So I left the traffic jams, the violence and despair of my local mall, the bypass threatening my rural valley. It was too expensive to fly – financial and climate change costs – and the Northern Explorer train wasn’t running, so we decided to drive.

We spent a night in the van, camped beside State Highway One when it got too late and we were too tired to drive. Huge trucks barreled past, inflicting their own violence on small villages along the route. The State Highway and its traffic creating monstrous disruption, noise, fumes, vibrations and a hostile barrier severing communities but providing few direct benefits for those bisected and imposed upon. Motuapa, Hunterville, Levin, try crossing the road on foot in those places and you risk your life.

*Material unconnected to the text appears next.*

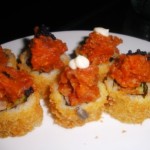 Spicy tuna maki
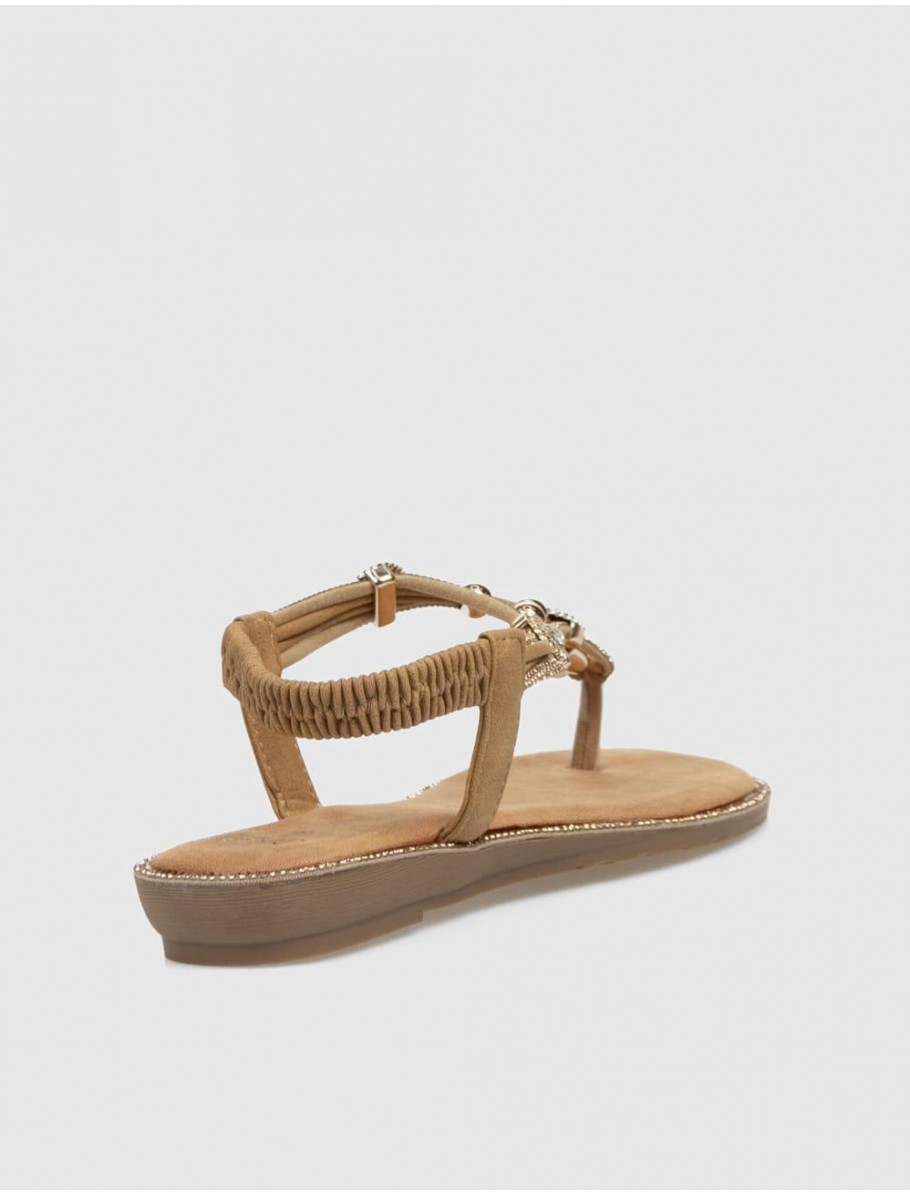 SANDALIA EXE 8013 5 MARRoN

The small town of Bulls makes as many puns from its name as is possi-bull. Hunterville celebrates the role of the Huntaway dog – the farmer’s indispensable friend, known for his rangey form, his loud bark and his knowledge of the farmer’s will, in retrieving sheep from rugged hills. All human settlement should acknowledge the contribution of animals to our economies and society, but few do.

The ferry was quiet, women like me knitted. A Māori man in his gumboots traveled with his partner and small children – it was so cheering to hear them all night “I love you dad”, “Dad, you’re my best friend”, defying stereotypes of manual workers and their engagement with their kids. In the hold, cows and sheep crammed into stock trucks bellowed and called, confused and frightened by the strangeness that is sea passage for any hoofed animal. Animal welfare guidelines suggest the distances stock should be carried must be minimised, but across the Strait these unwitting animals will go.

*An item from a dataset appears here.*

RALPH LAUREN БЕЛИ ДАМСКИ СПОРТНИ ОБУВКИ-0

On the wharf, while we waited for the delayed ferry’s departure, I had a ring side seat overlooking the emptying of a trawler of its catch. The trawler’s hold was like a pit into hell. A streamlined system involving a double trailer truck, a crane, and many men in overalls, high-vis and gumboots, lifting sixteen crates of fish at a time, again and again, onto the wharf and then into the truck. It got dark as countless fish were emptied from the trawler, as men elsewhere in the operation untangled the massive net.

In the Marlborough Sounds, steep hillsides were denuded of pines and logging trucks plied the winding narrow roads back and forth all day to the port. Sediment and slash slithered down the hillsides, wilding pines infested conservation land nearby. A ship waiting to take the logs offshore with minimal processing, no added value, sat in the bay.

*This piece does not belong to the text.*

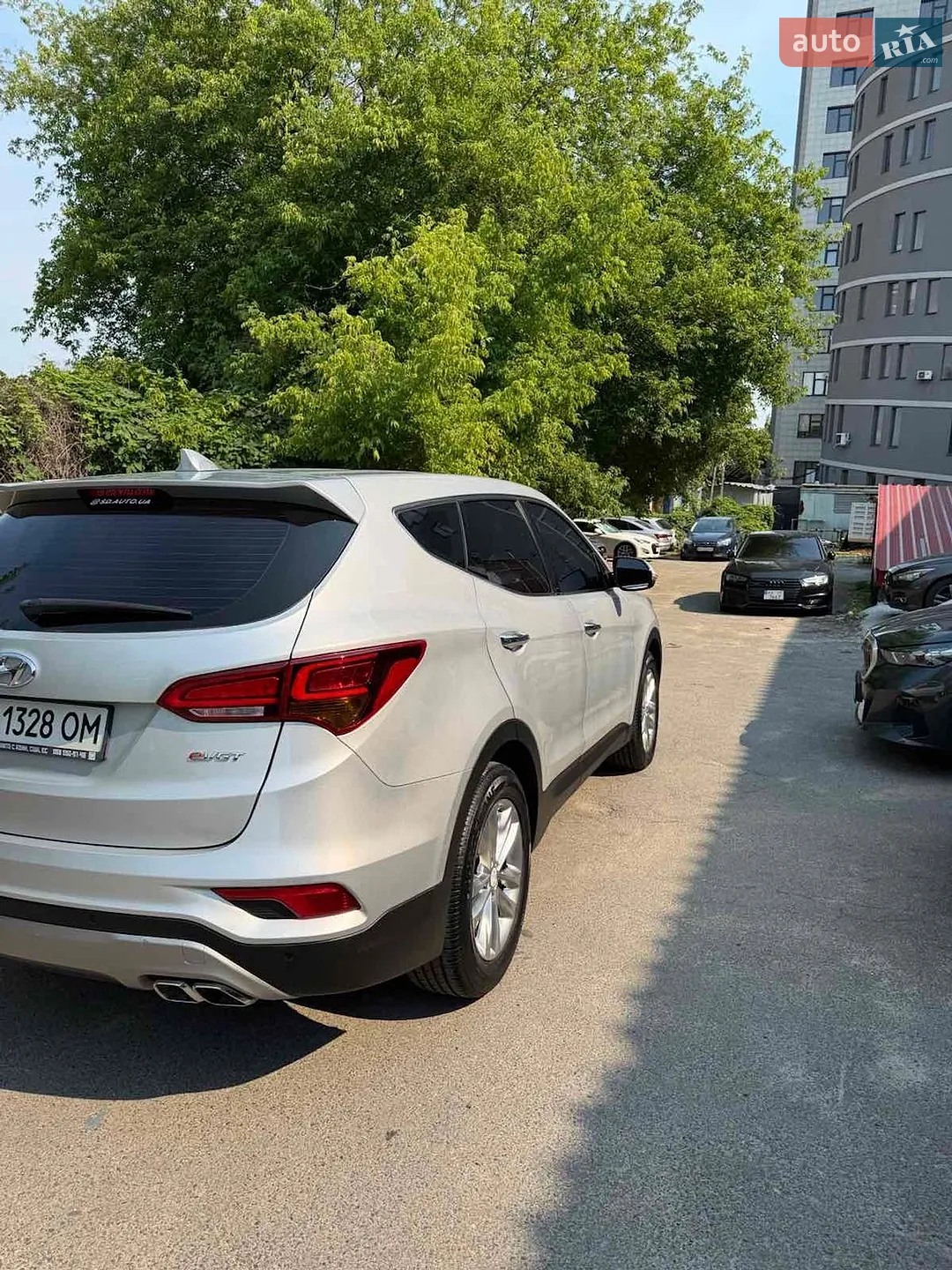 2016 Hyundai Santa Fe - мініатюра 10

Picton, the gateway to the beautiful Sounds, sat otherwise quiet. Except when people were kept waiting by delayed ferries, the town was empty. Most tourism ventures were closed. Some tour operators know there will be no return to the old normal – when cruise ships lined up to disgorge their thousands of visitors on the tiny town.  The Government’s commitment to new ferries and new port infrastructure has locals both keen but also worried.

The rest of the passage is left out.